Répartition des frais. L’usufruitier assure l’entretien du logement et doit effectuer les réparations d’entretien. Pour cela, il ne peut pas demander de contribution au nu-propriétaire. Il s’agit notamment des travaux de peinture, du ramonage de la cheminée, du ponçage du parquet, etc. Les grosses réparations doivent en revanche être prises en charge par le nu-propriétaire, mais pour les usufruits constitués depuis le 1er septembre 2021, celui-ci peut demander à l’usufruitier de contribuer proportionnellement aux frais. Les grosses réparations sont notamment les travaux d’électricité, le remplacement des châssis et les travaux de toiture. L’usufruitier peut aussi contraindre le nu-propriétaire à effectuer les réparations nécessaires et à contribuer aux frais de la rénovation (art. 3.155 du C. civ.) . En l’absence d’accord amiable, l’usufruitier peut s’adresser au tribunal, qui peut condamner le nu-propriétaire à effectuer les travaux nécessaires, éventuellement sous peine d’astreinte. Le juge peut aussi autoriser l’usufruitier à effectuer les travaux nécessaires et à réclamer les frais au nu-propriétaire.
Contribution de l’usufruitier. Pour les usufruits constitués depuis le 1er septembre 2021, les nus-propriétaires peuvent demander à l’usufruitier de contribuer aux frais, proportionnellement à la valeur de l’usufruit, déterminée selon les tables de conversion légales (art. 4.64 du C. civ.) .

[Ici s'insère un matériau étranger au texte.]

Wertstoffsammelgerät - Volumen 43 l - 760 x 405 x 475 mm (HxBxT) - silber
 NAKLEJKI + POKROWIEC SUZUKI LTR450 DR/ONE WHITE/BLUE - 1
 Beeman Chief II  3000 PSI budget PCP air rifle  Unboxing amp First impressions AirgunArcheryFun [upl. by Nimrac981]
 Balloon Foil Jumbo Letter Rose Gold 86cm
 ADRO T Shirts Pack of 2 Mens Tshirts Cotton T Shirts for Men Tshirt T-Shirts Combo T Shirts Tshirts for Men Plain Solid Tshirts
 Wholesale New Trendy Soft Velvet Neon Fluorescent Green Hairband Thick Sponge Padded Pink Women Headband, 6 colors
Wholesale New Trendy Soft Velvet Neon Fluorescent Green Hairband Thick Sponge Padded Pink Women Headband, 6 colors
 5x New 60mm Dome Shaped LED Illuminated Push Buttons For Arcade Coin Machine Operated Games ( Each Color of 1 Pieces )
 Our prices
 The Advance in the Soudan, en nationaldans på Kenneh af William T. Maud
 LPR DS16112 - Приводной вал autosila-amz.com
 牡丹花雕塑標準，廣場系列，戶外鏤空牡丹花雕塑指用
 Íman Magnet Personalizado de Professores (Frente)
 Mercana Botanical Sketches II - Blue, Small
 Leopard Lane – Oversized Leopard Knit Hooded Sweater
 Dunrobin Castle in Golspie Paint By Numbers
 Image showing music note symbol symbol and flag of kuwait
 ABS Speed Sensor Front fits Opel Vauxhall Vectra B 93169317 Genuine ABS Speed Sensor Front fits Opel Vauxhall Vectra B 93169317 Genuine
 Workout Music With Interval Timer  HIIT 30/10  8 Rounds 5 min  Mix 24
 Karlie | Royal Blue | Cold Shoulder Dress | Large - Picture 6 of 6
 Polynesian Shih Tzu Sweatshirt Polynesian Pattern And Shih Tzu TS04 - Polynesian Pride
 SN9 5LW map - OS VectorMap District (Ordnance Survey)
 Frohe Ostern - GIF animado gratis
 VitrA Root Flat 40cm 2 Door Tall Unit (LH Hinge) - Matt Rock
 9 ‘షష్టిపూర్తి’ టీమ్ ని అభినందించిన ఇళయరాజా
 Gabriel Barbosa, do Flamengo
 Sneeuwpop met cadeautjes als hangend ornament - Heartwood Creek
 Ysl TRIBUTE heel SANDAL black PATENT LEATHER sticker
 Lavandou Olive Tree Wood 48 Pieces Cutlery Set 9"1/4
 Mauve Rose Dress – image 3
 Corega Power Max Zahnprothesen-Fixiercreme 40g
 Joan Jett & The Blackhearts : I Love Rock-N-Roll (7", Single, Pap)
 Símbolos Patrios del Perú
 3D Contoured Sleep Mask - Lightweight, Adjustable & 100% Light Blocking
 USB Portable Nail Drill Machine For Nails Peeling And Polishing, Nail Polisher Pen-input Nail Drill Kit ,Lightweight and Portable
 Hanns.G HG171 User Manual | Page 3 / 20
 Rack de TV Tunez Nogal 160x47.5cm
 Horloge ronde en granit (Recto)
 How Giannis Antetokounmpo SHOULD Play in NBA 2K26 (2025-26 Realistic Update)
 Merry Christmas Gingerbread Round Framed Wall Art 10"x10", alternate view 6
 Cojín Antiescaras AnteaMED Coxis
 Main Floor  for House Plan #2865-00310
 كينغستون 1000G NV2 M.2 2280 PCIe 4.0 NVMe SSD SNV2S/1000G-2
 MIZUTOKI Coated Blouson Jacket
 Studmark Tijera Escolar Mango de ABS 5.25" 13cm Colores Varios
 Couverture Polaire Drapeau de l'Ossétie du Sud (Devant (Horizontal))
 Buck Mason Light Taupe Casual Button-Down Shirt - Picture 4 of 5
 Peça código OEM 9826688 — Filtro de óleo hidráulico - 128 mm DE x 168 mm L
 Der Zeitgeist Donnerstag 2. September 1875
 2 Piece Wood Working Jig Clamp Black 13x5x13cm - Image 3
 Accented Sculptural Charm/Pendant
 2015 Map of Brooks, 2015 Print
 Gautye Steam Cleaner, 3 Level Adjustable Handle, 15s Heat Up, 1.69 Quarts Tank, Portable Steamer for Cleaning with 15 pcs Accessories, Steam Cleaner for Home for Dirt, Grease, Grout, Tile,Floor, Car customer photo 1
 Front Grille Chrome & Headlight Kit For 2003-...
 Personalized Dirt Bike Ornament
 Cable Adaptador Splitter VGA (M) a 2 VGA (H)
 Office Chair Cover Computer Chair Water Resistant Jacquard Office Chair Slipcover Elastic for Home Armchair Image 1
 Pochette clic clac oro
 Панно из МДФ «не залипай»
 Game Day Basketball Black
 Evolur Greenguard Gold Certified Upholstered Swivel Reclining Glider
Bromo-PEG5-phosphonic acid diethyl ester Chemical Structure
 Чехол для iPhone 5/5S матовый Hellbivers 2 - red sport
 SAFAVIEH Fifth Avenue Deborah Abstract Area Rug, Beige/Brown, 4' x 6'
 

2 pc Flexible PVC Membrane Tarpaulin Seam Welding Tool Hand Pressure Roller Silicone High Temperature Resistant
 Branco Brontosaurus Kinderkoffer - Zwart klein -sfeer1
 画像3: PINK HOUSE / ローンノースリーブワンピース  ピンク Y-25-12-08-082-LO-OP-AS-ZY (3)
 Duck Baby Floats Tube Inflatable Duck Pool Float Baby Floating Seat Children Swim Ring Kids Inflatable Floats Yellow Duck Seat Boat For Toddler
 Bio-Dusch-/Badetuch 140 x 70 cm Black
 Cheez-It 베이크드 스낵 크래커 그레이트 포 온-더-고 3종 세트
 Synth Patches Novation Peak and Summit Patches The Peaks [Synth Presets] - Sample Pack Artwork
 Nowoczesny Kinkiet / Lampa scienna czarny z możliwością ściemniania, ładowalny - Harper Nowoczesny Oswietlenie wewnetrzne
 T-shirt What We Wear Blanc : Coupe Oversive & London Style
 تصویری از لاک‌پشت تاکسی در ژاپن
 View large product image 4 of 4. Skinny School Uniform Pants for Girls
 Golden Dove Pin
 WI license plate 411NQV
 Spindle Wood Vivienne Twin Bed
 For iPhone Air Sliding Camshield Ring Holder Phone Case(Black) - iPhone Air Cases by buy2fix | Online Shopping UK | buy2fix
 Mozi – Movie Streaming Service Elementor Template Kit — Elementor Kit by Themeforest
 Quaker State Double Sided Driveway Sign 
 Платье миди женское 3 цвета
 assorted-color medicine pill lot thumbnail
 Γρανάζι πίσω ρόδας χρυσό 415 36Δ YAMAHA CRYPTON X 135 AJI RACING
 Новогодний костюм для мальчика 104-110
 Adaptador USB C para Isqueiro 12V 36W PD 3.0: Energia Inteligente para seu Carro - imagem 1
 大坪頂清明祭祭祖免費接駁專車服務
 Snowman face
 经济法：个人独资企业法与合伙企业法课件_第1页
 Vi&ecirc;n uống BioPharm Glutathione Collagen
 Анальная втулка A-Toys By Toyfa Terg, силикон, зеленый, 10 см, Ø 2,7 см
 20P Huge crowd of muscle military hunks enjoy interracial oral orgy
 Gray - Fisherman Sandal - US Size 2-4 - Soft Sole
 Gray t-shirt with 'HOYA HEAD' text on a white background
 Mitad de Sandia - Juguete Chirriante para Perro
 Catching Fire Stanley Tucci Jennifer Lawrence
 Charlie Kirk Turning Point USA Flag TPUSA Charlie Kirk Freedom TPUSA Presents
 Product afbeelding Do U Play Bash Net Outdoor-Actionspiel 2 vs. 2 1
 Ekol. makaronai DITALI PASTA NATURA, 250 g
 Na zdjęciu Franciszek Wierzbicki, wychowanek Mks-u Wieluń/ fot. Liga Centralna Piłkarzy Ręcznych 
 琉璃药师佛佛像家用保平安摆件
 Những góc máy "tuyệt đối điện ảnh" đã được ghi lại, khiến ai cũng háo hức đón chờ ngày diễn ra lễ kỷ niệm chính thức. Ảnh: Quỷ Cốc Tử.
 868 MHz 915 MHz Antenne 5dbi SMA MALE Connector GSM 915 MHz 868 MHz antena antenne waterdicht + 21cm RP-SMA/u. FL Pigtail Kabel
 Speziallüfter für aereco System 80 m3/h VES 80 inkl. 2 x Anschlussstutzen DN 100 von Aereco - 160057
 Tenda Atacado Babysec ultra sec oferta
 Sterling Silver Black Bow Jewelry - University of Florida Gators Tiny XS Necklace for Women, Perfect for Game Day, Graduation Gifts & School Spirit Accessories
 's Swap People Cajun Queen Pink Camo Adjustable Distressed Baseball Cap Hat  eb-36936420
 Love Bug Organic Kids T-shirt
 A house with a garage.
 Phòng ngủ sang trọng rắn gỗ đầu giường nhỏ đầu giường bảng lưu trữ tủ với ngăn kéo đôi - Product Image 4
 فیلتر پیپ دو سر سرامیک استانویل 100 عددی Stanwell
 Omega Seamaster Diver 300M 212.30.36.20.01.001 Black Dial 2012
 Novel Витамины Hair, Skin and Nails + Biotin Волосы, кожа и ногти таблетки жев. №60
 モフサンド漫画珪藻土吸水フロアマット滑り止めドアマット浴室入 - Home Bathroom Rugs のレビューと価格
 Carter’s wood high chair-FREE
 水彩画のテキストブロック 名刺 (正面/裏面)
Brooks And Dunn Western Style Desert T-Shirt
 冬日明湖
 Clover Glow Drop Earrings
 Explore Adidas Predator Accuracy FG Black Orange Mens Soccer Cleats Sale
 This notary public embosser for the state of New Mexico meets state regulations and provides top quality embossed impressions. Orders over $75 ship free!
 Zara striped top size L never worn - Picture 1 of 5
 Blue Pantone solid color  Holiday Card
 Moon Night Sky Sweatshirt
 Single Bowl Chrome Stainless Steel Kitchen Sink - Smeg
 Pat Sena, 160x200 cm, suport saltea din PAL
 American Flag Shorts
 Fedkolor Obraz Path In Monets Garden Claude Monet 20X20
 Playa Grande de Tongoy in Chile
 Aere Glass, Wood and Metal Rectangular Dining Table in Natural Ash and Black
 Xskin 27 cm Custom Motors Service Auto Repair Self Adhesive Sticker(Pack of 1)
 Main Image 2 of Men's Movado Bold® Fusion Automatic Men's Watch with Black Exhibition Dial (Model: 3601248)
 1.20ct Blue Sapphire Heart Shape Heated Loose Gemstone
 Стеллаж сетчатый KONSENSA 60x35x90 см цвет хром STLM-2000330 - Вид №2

Fiscalité. Le fait que le nu-propriétaire paie volontairement toutes les grosses réparations ne constitue pas un problème en soi, étant donné qu’il peut demander à l’usufruitier de contribuer aux frais, sans y être obligé. Il n’y a pas non plus de problème sur le plan fiscal, étant donné qu’il n’y a pas de gratification du nu-propriétaire par l’usufruitier. Si l’usufruitier prend en charge tous les frais des grosses réparations, rénovations ou transformations, un problème se pose toutefois sur le plan fiscal. La loi met en effet ces réparations (du moins en partie) à charge du nu-propriétaire, de sorte que l’administration fiscale pourrait considérer ces opérations comme une donation (indirecte). En particulier si l’usufruitier décède dans les trois ans (cinq ans en Région wallonne) suivant la réalisation des travaux, les parties courent un risque, étant donné que l’administration fiscale peut invoquer l’article 7 du C. Succ. et soumettre la partie que l’usufruitier a payée (en trop) aux droits de succession. À l’issue du délai de trois ans (cinq ans), l’administration fiscale ne pourra plus invoquer l’article 7 du C. Succ., mais pourrait considérer que l’usufruitier a avancé les frais des réparations et que le nu-propriétaire a donc encore une dette envers lui à concurrence de sa part des frais. Cette créance constitue alors un actif de la succession de l’usufruitier, soumis aux droits de succession.